I have to be honest I have never really been that interested in the work of Henry Moore, maybe that’s because his work had become so much a part of the 20th century landscape, but strangely whilst carving out my mortar sculptures Hallie Moore has been in my mind, mainly because of a book I came across at a friends house many years ago. So. I tracked this book down to is called Henry Moore my ideas, inspiration and life as an artist written by Henry Moore with photos by John Hedgecoe.

It is full of photos of the artist influences and photos of Moore at work in his cluttered studio What he writes is also very interesting and helps to inspire me.

This small section is rather insightful
“Epstein began to collect African sculptures and he encouraged me to study the primitive and Mexican sculpture at the British Museum, all of which influenced excited me. It was stone sculpture. I liked this active, physical side of sculpture and so began to know and enjoy stone sculpture is a very great excitement.”
I can relate to this as when I start carving out the mortar I get an excitement of what might be revealed from within.
I also liked this bit of writing by by Henry Moore and the nature of masks
“Masks isolate the facial expression, enabling you to concentrate on the face alone. They have, of course, been used throughout history, particularly as theatrical devices. Although the back of the head can be as beautiful and as interesting to sculptor, it can’t be as expressive, in the ordinary sense of the word, as the face.”
He then goes on to talk about masks he has sculpted

“In this mask wants to give the eyes tremendous penetration and to make them stare, because it is the eyes which most easily express human emotion.
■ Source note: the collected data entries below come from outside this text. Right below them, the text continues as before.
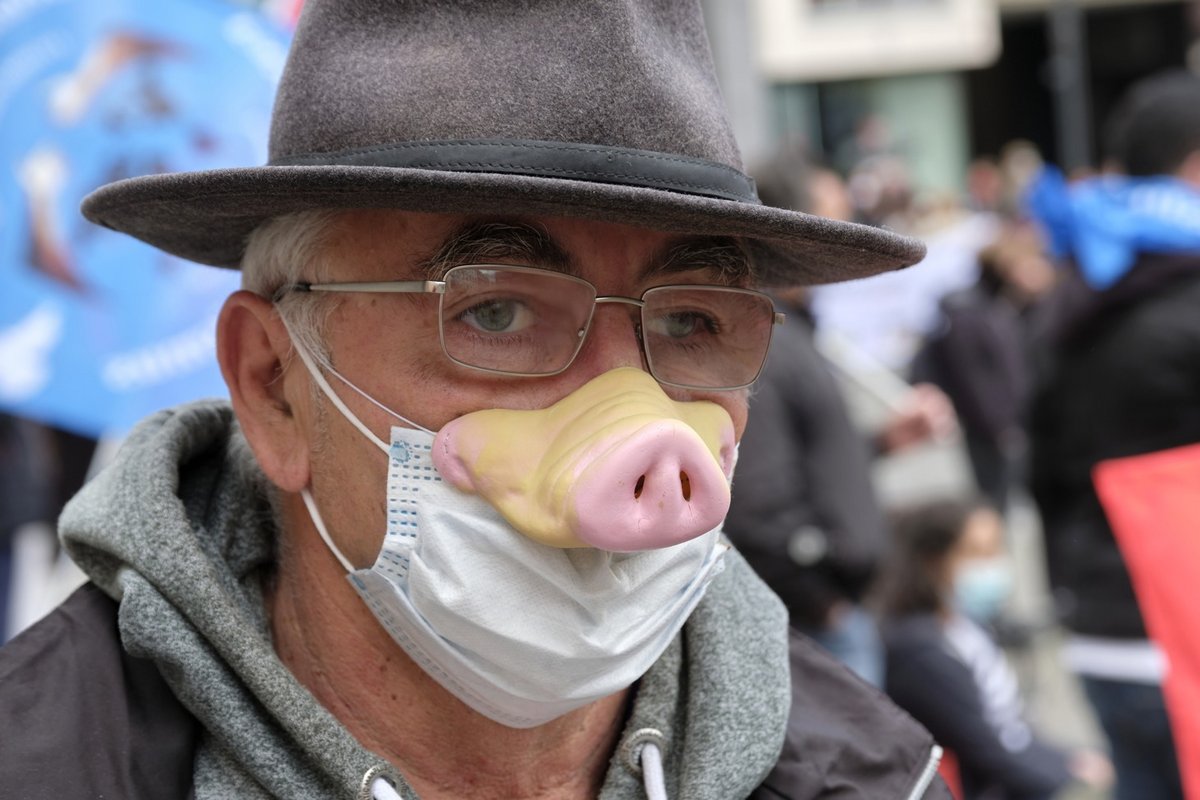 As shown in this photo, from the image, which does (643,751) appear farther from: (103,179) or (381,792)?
(103,179)

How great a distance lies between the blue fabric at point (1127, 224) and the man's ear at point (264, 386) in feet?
9.18

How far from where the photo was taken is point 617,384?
1770 mm

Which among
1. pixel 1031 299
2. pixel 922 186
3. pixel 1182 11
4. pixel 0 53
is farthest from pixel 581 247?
pixel 1182 11

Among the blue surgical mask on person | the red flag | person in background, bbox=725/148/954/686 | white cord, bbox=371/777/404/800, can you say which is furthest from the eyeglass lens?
the blue surgical mask on person

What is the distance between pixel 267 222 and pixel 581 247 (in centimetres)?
45

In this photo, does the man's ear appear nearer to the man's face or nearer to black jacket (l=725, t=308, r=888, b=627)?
the man's face

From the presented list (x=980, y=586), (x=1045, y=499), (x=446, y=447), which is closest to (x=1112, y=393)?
(x=1045, y=499)

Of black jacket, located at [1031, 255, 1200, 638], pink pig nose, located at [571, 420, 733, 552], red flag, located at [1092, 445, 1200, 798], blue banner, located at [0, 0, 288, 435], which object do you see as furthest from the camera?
black jacket, located at [1031, 255, 1200, 638]

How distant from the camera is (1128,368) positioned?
13.1ft

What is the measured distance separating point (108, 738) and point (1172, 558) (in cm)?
216

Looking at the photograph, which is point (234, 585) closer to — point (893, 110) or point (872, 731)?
point (872, 731)

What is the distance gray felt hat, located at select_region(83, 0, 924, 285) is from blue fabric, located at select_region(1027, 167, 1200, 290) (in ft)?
7.69

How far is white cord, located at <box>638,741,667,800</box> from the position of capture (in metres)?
1.96

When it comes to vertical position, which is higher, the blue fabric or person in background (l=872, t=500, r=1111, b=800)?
the blue fabric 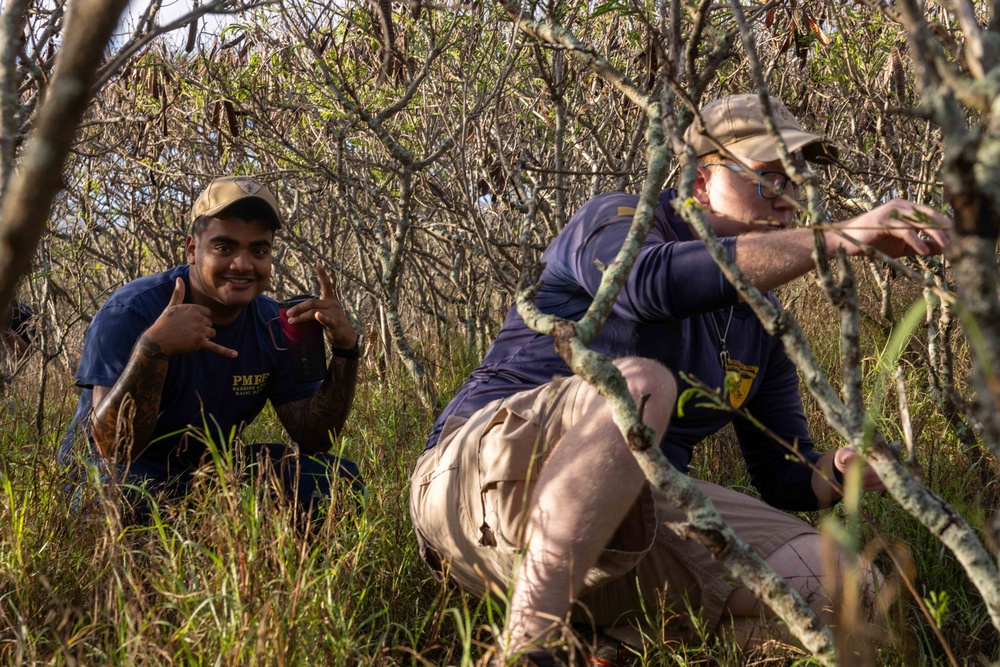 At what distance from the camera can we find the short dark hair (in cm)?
336

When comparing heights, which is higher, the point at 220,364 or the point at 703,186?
the point at 703,186

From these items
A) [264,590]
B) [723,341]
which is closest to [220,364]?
[264,590]

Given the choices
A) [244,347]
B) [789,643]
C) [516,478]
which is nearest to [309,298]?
[244,347]

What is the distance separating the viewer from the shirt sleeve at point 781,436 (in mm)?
2934

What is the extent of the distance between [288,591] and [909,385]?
3434mm

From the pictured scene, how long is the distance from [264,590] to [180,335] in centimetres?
102

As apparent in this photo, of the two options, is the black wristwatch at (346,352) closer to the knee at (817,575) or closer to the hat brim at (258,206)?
the hat brim at (258,206)

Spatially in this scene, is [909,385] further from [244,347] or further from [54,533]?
[54,533]

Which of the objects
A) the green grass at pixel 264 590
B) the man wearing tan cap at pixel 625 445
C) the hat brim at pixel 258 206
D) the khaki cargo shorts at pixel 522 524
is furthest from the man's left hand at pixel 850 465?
the hat brim at pixel 258 206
In other masks, I used the asymmetrical principle in which one eye is quite different from the other, and the mouth is at an angle bringing back the balance. I had noticed this in some of the Mexican masks, and I began to find it in reality in all faces.
And as I began to find out that, in nature, living things, because of the effect of their environments, are never perfectly symmetrical, this principle became fundamental to my work. You will find in everyone’s face that one eye is different from the other, or the mouth is not quite horizontal, one nostril is a little higher than the other, the forehead comes out a little further on one side than the other.
And it is when you come to look at a person’s face with acute observation that you will find these many small variations that make all the difference between a really sensitive portrait and a dull one.”
This section made a lot of sense to me, for many years I’ve tried to gain a form of symmetry within my work but somehow always seemed to fail, in some ways Moore validates the lack of symmetry as this makes a piece of work more human and helps it to gain a spark of life, now when I am stressing out over head carving not looking symmetrical and will keep his words in mind.